0 Replies Latest reply on Mar 15, 2012 7:53 AM by chris.vandenberg

    Sumif of distinct Values

      Hi Everybody


      I have a table that looks similiar as the following:


      Item, Group, Keyword, Date


      Where every item belongs to a group. An item can have multiple keywords, which means that it occurs multiple times in the table:


      ItemID     GroupID     Keyword     Date

      A          1          "Apple"         "1-1-1"

      A          1          "Banana"      "1-1-1"

      B          1          "Kiwi"            "2-1-2"

      C          2          "apple"          "1-1-1"


      What I want is a graph that displays the amount of items under selection over time. If an item is selected this means everything in the group(s) of the selected item(s) is selected, eg: if banana is selected, the amount of items displayed will be two.


      At the moment I've solved this by copying every keyword in a group on every item in a group, creating a table as following:


      ItemID     GroupID     Keyword     Date

      A          1          "Apple"         "1-1-1"

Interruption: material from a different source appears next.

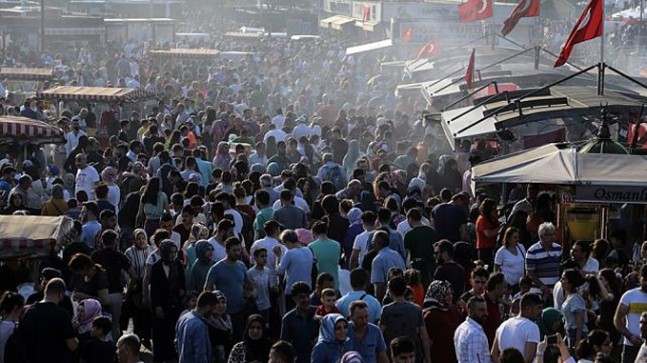 İstanbul, Avrupa’nın en kalabalık şehirleri arasında zirveye oturdu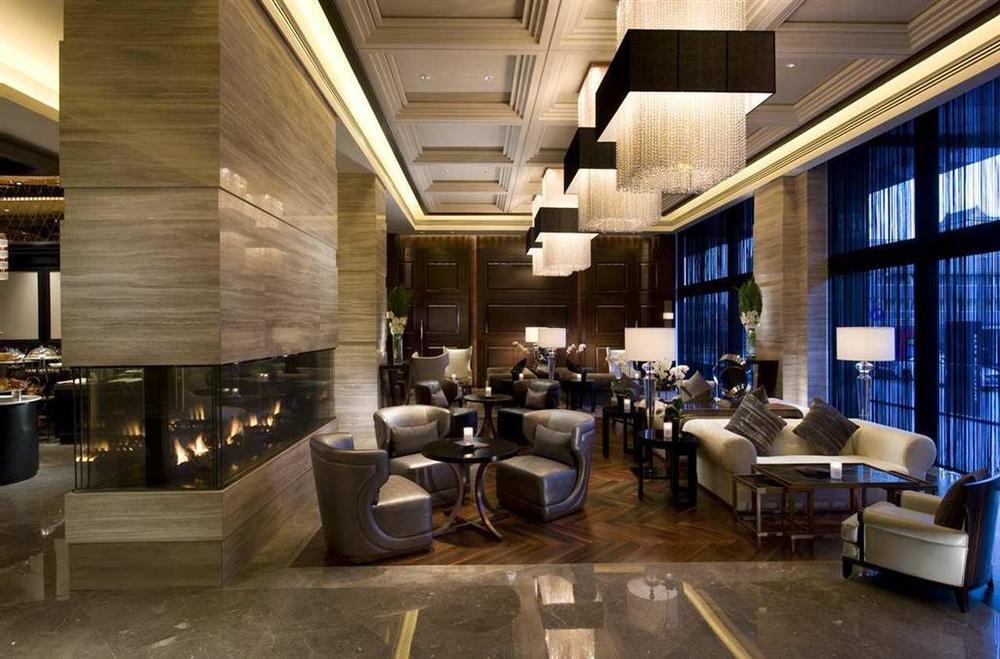 Hilton Wangfujing 5*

      A          1          "Banana"      "1-1-1"

      A          1           "Kiwi"           "1-1-1"

      B          1          "Apple"         "1-1-1"

      B          1          "Banana"      "1-1-1"

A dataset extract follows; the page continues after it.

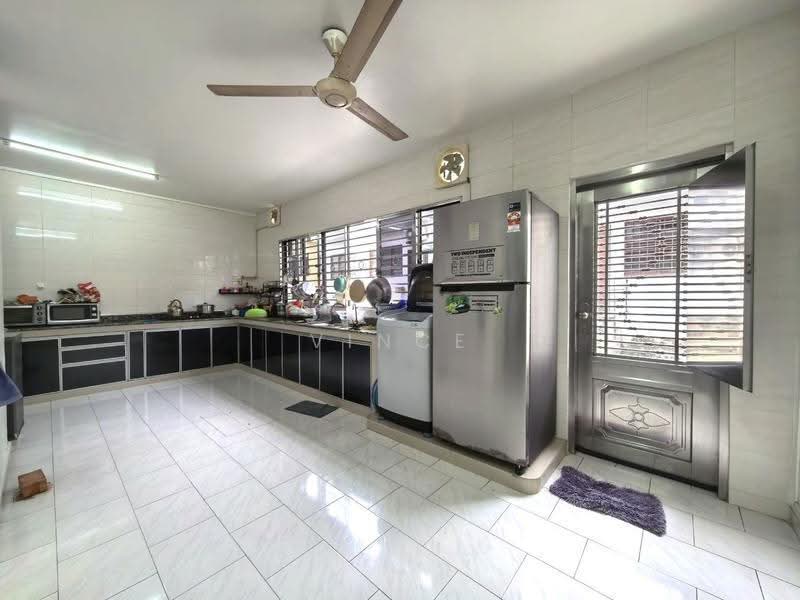 Rumah Teres 2-Tingkat untuk Dijual di Bandar Selesa Jaya (Skudai) - Vince Soo - Kitchen - PropertyGuru.com.my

      B          1           "Kiwi"           "1-1-1"

      C          2          "apple"          "1-1-1"


      And then perform countd on the Item column to count the number of selected documents.


      The problem with this method is that it creates a really large table, and I think it would be faster to create two tables, one with the GroupId's and the amount of items in those groups, and one the first one original table. Then make a list of the distinct GroupID's under selection and take sum of the amount of items in that group.


      This is similiar as using the sumif function in Excel.


      I have two questions about this:


      A) Is this possible, and if so: how?


      B) I noticed that tableau already does something intelligent with the data (as the twbx is much smaller then the original csv file), perhaps it already does something similiar internally, making the whole exercise unnecessary, as my main goal is to create a smaller and faster report.